Il y a une opposition engagée, ils manifestent chaque semaine et bloquent même parfois la circulation. Mais ils ne se concentrent que sur deux choses : se débarrasser de Netanyahu et ramener les otages à la maison. Il n’y a pas de véritable opposition à la guerre. Pas d’opposition aux crimes d’Israël. Pas d’opposition à la tuerie de masse à Gaza. Pas du tout. C’est pourquoi, même si Netanyahou est remplacé, aucun des autres candidats ne s’attaquera aux questions fondamentales : la guerre, l’occupation, l’apartheid. Aucun d’entre eux n’est prêt à un véritable changement. Pour ce qui est des questions essentielles, Israël restera le même.

Avant le 7 octobre, il y avait eu des manifestations en Israël contre la soi-disant réforme de la justice. Un petit bloc constant dans ces manifestations, le bloc anti-occupation, a toujours abordé les thèmes que tu as mentionnés. Ils ont tenté d’établir un lien entre l’oppression d’Israël contre les Palestiniens et la réforme judiciaire. Est-ce que cela n’était que marginal ?

Définitivement. Premièrement, lors de ces manifestations également, la majorité des manifestants ne voulaient pas de ce groupe. Ils n’ont pas toléré les drapeaux palestiniens. Ils ne voulaient pas être impliqués dans cette question, car ils craignaient que cela irrite la plupart des Israéliens. Et ce bloc se rétrécit encore plus aujourd’hui. Les gens qui sont vraiment contre la guerre et l’occupation forment un camp beaucoup plus petit après le 7 octobre.

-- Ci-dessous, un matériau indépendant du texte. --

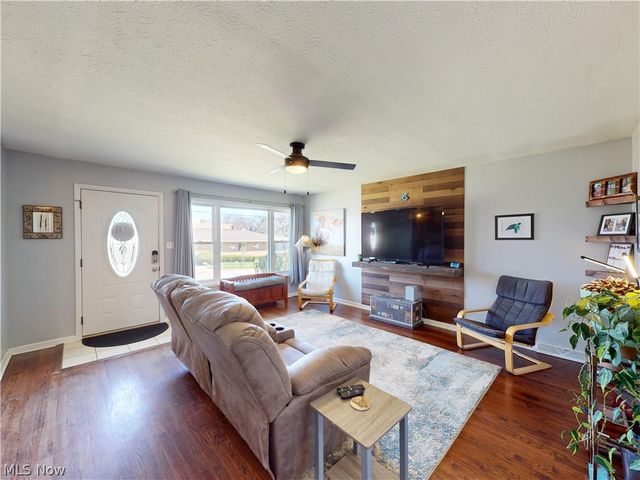 2821 Wales Avenue, Parma, OH 44134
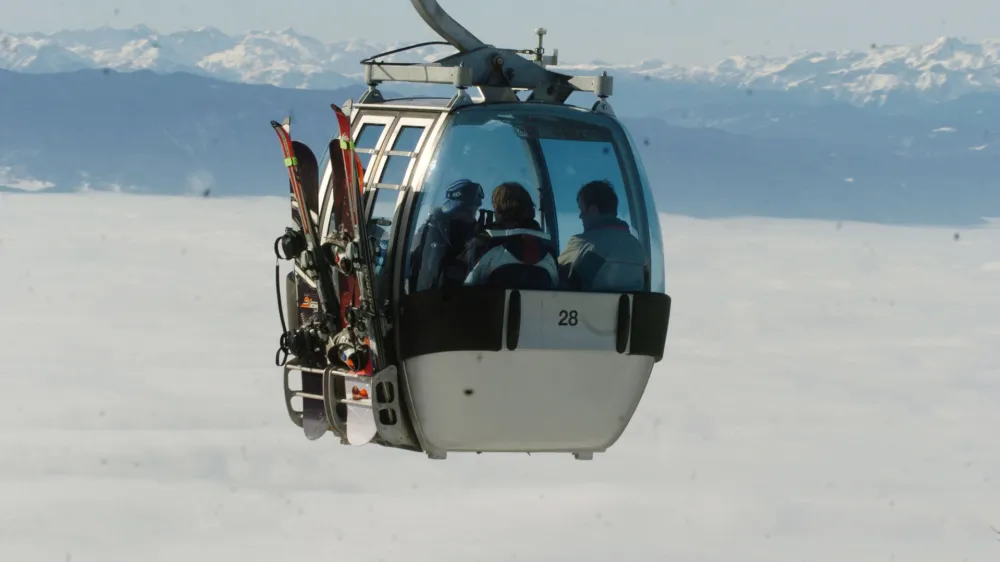 Smuči&scaron;če Krvavec,gondola, //FOTO: Bojan Velikonja <br><br>OPOMBA: ZA OBJAVO V ČASOPISU DNEVNIK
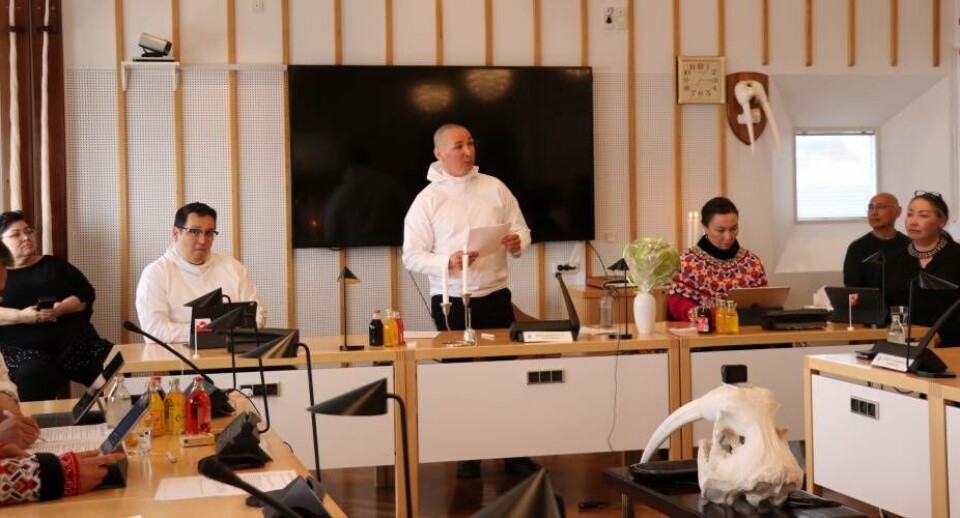 Malik Berthelsen og resten af kommunalbestyrelsen arbejder på s husholdning, og arbejder på flere sparemuligheder for at have plus på kontoen. Qeqqata Kommunia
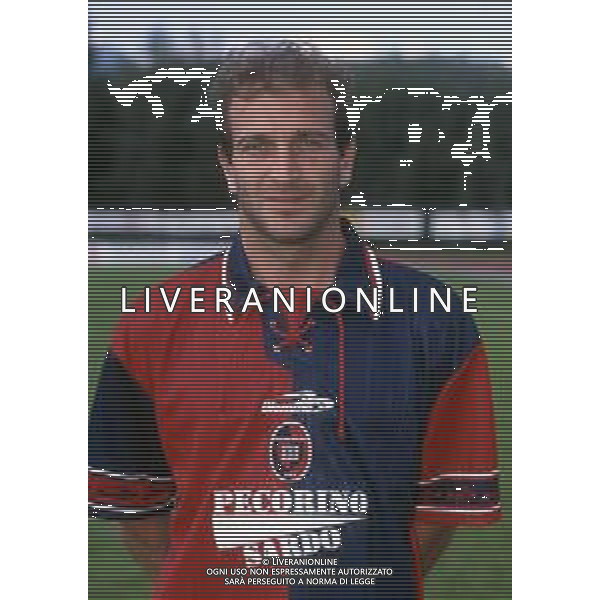 RETROSPETTIVA TIZIANO DE PATRE CALCIATORE NELLA FOTO TIZIANO DE PATRE CON LA MAGLIA DEL CAGLIARI CALCIO AG ALDO LIVERANI SAS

Depuis des années, tu ne cesses de soulever toi-même des questions qui restent souvent taboues en Israël. Tu as toutefois assez souvent défendu le Premier ministre Benjamin Netanyahu et remis à leur place ses critiques libéraux. Pourquoi ça ?

Le front uni contre Netanyahu était exclusivement focalisé sur l'idée de se débarrasser de lui, tout en faisant l’impasse sur tous les autres problèmes. Comme si Israël allait se transformer en une sorte de paradis dès que nous serions débarrassés de Netanyahou. Comme si tout était de sa seule faute. L’occupation et les colonies - tout cela est dû au Parti travailliste israélien, pas à Netanyahou. Shimon Peres, qui a reçu le prix Nobel de la paix, est responsable de plus de colonies que Netanyahou. Être contre Netanyahu est très confortable. Il n’y a pas besoin de courage pour cela. Mais si l’on n’a pas d’alternative, ni personnelle, ni programmatique, ni idéologique, cet argument est creux. En outre, je suis également d’avis que Netanyahou a personnellement un niveau bien plus élevé en tant qu’homme politique que tous les autres candidats.

Ta position a-t-elle changé ?

Aujourd’hui, je ne dirais plus un seul bon mot sur Netanyahou. Il doit dégager. Il n’y a aucun doute à ce sujet.